What to work on |
The answer must consist only of the lines in the records below from the line with "Honda Jazz 1.2 URBAN" to the line with "クラスタージュ西都賀 部屋画像", both included, copied word for word with every picture left out.

Records for processing |
#####
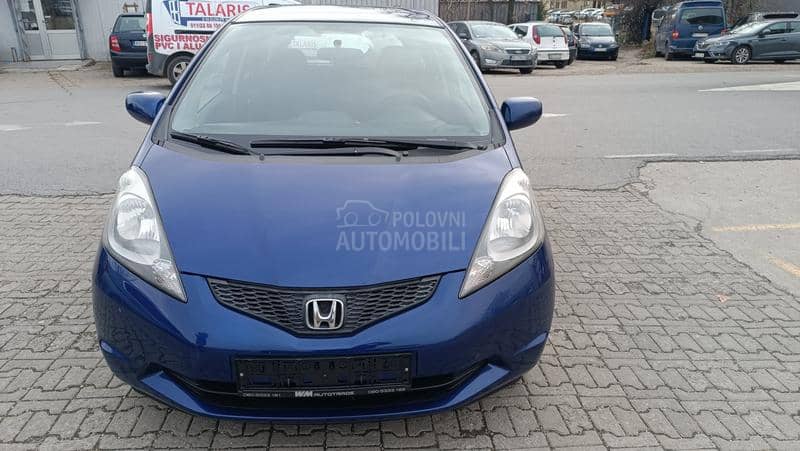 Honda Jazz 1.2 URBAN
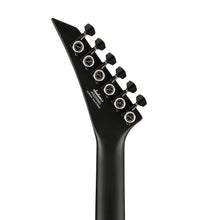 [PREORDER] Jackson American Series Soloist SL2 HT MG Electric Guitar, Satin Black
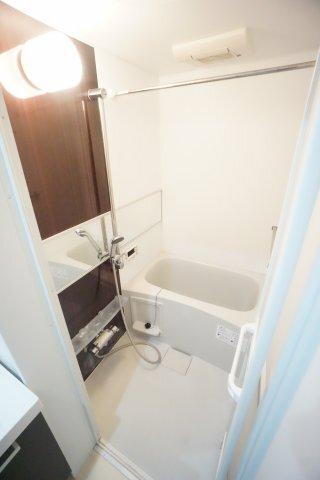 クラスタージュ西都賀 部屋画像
#####
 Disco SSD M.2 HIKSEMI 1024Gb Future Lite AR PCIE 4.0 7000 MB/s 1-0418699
#####
Solved problem |
 Honda Jazz 1.2 URBAN
 [PREORDER] Jackson American Series Soloist SL2 HT MG Electric Guitar, Satin Black
 クラスタージュ西都賀 部屋画像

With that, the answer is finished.